It’s been a while since I’ve had one of these … but it feels the way it always does … heavy, annoying, attention-grabbing, yucky.

It’s one of those days when everyone that I speak to tells me that I need to let go of the past. It’s one of those times when people are surprisingly intuitive where I’m concerned and are really concerned that I get out of the funk.

That happens because people can’t properly deal with me in this mood. They expect ‘Happy Deemay’, ‘Bubbly Deemay’, ‘Always willing to help Deemay’. It’s off putting when the person who normally picks up the pieces needs to have her pieces picked up. OH MY GOODNESS!!! WHAT THE HELL ARE WE GONNA DO??! YOU MEAN TO TELL ME THE HEALER NEEDS HEALING???!

Yes, she does. She needs to be held and comforted and talked to and soothed. She needs to hear that someone is there for her, and not just to offer her lip service and platitudes. She needs genuine concern and feeling.
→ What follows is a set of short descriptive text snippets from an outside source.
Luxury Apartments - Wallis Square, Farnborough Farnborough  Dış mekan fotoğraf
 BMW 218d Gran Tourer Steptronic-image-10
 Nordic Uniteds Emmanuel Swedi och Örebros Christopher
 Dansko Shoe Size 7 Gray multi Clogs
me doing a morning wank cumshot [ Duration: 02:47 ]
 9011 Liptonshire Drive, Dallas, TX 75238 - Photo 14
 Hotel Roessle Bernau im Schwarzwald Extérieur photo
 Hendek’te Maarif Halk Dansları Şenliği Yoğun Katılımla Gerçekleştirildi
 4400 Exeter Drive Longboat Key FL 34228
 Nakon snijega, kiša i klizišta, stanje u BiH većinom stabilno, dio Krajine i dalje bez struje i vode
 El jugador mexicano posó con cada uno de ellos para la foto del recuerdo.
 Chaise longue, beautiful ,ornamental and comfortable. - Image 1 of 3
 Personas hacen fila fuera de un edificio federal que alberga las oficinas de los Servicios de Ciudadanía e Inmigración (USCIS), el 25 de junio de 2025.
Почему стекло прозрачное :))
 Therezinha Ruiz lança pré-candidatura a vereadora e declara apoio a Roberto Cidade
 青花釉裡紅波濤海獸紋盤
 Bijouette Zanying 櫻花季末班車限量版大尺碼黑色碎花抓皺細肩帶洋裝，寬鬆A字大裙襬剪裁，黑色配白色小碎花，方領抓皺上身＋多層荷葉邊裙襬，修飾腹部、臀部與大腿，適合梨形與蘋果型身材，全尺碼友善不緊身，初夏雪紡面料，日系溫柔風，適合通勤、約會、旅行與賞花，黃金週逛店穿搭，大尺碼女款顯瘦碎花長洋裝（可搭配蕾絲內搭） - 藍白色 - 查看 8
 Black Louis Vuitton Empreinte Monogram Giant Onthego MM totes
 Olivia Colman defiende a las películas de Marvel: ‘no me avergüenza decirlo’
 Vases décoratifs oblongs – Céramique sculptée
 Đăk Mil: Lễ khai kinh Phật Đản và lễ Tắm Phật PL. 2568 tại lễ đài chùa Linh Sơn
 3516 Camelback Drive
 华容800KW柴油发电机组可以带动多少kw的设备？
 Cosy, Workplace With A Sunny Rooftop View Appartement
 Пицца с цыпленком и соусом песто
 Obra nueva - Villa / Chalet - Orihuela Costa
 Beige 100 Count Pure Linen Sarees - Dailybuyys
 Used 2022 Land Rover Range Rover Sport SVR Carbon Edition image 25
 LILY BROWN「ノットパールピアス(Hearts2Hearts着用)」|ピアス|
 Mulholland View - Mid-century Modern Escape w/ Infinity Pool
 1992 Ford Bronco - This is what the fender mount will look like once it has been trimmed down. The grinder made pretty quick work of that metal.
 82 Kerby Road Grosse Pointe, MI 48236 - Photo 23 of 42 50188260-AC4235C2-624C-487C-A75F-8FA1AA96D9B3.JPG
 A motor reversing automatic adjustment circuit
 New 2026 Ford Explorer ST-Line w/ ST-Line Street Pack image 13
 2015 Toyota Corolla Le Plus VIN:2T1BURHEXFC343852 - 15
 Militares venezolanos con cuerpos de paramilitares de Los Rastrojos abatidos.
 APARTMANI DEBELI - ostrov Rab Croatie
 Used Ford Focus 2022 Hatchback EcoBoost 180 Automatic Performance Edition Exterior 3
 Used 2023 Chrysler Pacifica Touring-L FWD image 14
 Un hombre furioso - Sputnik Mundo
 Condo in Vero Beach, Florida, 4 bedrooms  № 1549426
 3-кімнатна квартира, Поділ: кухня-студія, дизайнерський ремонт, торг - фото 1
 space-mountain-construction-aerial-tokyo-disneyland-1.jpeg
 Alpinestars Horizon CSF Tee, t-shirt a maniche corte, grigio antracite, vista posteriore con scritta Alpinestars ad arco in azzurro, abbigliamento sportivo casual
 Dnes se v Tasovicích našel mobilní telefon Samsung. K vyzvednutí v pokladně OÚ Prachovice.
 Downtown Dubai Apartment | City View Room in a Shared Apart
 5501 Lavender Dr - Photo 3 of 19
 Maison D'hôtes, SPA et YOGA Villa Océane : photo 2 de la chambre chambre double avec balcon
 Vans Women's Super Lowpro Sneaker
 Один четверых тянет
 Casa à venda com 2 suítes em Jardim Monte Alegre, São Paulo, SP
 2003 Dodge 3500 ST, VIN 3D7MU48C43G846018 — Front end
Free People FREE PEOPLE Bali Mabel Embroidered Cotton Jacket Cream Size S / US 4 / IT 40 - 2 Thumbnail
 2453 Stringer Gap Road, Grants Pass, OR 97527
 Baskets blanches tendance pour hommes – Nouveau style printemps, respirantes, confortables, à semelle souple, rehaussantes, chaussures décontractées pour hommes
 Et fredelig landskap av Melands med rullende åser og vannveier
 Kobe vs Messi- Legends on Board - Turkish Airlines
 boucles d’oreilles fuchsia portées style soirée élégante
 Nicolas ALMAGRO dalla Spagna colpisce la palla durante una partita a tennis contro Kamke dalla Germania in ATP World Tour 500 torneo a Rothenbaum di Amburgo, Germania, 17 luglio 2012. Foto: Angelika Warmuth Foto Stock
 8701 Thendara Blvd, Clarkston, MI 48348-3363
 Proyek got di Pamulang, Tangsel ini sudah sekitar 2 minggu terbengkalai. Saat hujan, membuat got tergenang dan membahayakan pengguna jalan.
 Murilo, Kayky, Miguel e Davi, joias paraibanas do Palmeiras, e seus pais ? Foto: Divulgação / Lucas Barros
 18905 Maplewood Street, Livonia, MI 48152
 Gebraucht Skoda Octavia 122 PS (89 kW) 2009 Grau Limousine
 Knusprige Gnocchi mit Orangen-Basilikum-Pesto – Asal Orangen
Basically … she needs love … agape … filial. She needs her troupes to gather themselves together and be available for her. She needs for them to know this intrinsically and not have to be told.

Where’s the Ben & Jerry’s What-A-Cluster or the bottle of Manischewitz Blackberry that would soothe her savaged soul and ravaged feathers? Where is the phone call that lets her know that someone out there … anywhere is in tune with what ails her, even though she’s still tryng to figure out precisely which one of her situations has brought on the feeling of fucked up blue funk that she is currently waddling through…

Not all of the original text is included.